Through the windows, we could see more vehicles arriving. Allied packs, potential enemies, media, curious civilians—all converging on White Moon Pack territory. The Luna Ceremony I'd never asked for was turning into something far bigger and more dangerous than anyone had anticipated.

"Mason," I said quietly. "We need to talk. Alone."

He followed me to our private quarters, away from the chaos below. Once the door closed, I turned to face him.

"You should accept her offer," I said.

"What?" His shock was genuine.

"Tell everyone I left. That I took Rory and ran. Let Stella have what she wants. It's the only way to avoid—"

He kissed me, cutting off my words. When he pulled back, his eyes were fierce with determination.

"Eighteen years ago, I chose you," he said. "Not because of the pregnancy, not because of obligation, but because from the moment I met you, I knew you were my mate. Stella can gather all the enemies she wants. She can turn this into a public spectacle. She can threaten and manipulate and scheme. But she will never be my Luna. That position belongs to you, whether you want it or not."

"Mason—"

"No. We face this together, or not at all. In seventy-two hours, in front of allies and enemies alike, I'm going to officially name you my Luna. And if Stella wants to challenge that, she can try."

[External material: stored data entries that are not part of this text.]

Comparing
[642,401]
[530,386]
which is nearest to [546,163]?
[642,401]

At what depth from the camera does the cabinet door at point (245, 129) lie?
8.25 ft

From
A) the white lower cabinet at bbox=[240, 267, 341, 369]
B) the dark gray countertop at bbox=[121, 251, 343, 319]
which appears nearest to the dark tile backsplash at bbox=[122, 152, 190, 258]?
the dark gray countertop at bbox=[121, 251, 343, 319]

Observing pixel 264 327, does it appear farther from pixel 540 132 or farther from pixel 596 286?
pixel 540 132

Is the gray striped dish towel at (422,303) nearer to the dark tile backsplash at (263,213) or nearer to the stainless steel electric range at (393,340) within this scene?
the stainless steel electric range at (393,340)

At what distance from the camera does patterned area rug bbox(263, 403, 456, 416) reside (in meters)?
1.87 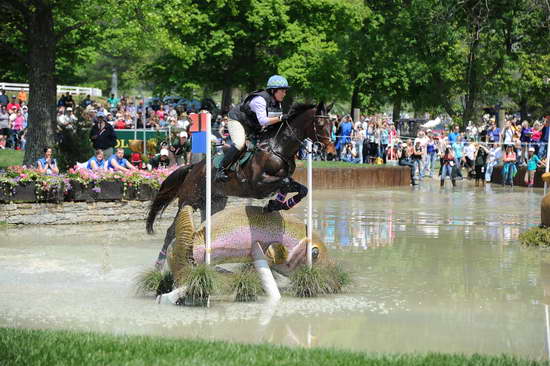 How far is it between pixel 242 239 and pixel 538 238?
709cm

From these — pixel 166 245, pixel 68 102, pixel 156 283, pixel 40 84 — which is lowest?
pixel 156 283

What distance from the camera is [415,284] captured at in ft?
40.9

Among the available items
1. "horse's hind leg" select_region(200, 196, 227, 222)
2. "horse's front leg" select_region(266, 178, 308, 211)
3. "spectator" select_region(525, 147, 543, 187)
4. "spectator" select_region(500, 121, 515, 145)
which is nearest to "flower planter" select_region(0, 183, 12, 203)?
"horse's hind leg" select_region(200, 196, 227, 222)

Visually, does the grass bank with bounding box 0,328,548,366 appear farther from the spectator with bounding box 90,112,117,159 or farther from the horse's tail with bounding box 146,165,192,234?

Before I could respond, Rory burst through the door, her phone in hand, face pale.

"Mom, Dad, you need to see this. Stella just posted a video online. It's... it's about my birth. She has medical records, genetic tests, things that were supposed to be destroyed. She's claiming I'm not really Dad's daughter."

The phone showed a video with millions of views already. Stella, looking directly at the camera, holding documents that shouldn't exist.

"The truth about White Moon Pack's princess," she was saying. "The truth about the lies Sage Grey has built her entire life on."

My heart stopped as I recognized the documents she was holding. Papers from a genetic test that had been run when Rory was born, showing an anomaly in her DNA that we'd never fully understood.

Papers that, taken out of context, could be made to look like proof of infidelity.

Papers that could destroy everything we'd built, regardless of whether we won the coming physical confrontation or not.